Entre falso humo, voy gritando en silencio a la ciudad una demanda por falta de prostíbulos, donde una fuerte bruma nos hace gatos invisibles, pero la billetera está vacía, de tanto cruzar la frontera, más después a regresar sin nombre pasando la mano por el terciopelo de una pared mojada.
Una idea se me cruza por la mente adormecida, beber alcohol nuevamente, pero aclaro al otro yo, que no solamente hoy sino siempre, ya todos saben en el mundo que soy hombre de copas tomar. Para mi manera de entender el tiempo está ligado a ésta sensación de estar ebrio, por lo menos para mi eso es así a dios gracias, de poder estar exultante, alegre, relajado, creativo, entonces que me importa estar mareado si total voy a transitar la buena senda, descorcho una de blanco, helado por el frío, y doy sorbos bien polenta.

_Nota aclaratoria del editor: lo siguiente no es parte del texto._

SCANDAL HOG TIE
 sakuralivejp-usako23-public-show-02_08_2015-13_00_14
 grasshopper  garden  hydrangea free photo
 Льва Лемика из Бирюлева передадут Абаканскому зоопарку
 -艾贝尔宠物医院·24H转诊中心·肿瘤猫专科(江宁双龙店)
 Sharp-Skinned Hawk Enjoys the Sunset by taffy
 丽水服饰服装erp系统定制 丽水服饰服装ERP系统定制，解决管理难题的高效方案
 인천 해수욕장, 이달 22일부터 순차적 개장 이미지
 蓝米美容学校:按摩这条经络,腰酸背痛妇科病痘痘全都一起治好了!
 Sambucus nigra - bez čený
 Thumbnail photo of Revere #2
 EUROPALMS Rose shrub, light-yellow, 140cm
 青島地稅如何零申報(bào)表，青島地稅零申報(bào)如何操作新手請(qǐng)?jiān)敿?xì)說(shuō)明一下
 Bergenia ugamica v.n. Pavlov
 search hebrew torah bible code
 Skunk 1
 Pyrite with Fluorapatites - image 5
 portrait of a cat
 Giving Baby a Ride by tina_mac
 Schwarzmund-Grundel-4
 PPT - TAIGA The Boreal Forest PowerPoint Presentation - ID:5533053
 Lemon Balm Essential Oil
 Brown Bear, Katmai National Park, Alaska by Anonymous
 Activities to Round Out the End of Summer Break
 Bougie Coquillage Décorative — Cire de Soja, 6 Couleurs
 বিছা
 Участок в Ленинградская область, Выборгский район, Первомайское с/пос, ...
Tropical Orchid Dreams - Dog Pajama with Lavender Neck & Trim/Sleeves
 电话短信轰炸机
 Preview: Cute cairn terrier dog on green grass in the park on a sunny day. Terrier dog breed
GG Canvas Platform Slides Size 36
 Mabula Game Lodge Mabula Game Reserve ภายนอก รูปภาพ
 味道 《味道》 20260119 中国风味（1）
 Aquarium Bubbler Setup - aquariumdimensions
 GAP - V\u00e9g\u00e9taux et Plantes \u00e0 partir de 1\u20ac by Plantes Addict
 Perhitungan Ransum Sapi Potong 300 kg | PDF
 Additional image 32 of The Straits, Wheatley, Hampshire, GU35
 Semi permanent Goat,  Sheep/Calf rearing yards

Una muchacha viene caminando muy despreocupada ¿Se ha de llamar Florencia, se ha de llamar Yamila? No me preocupa la edad que tiene pues en realidad le voy a preguntar la hora, solamente deseo saber donde estoy, cual es su verdadero nombre.
Ella amaga detener la marcha, pero luego, quizá por pereza, hace un gesto de no importarle mí presencia, y yo me pregunto, dando siempre la espalda al objetivo, como es posible que al rey de la noche alguien le pueda ignorar.
Suelo llevar conmigo una tijera de peluquero, con la cual me limpio la lengua todas las mañanas al despertar, y además me recorto el cabello que por algún lado siempre sobra o está mal.
Esta señorita, por lo maciza que se ve, calculo que ha de tener dieciocho años, dieciocho largos abriles.
Entonces, con la herramienta típica del peluquero, mientras tanto le pregunto, con suma delicadeza, el porque me ignora y me desprecia, cual collar le envuelvo el cuello.
Cuando de pronto, sin yo saberlo, me abalanzo sobre su cuerpo temeroso hasta meterme dentro suyo, y una mano levanta la pollera, más, la que sostiene el metal, le descubre la ropa interior.
Enseguida ella grita, que es policía, que ponga las manos detrás, que el juego ha terminado.
Y una fuerte luz traviesa atraviesa nuestro lecho encendido. Y mis ojos ya no pueden ver y mi cuerpo solo recibe balazos.
A mi me sigue agradando encantar a la gente pues del néctar que quito de sus miradas nace un pegamento con el cual ahora empapelo las paredes de este infierno.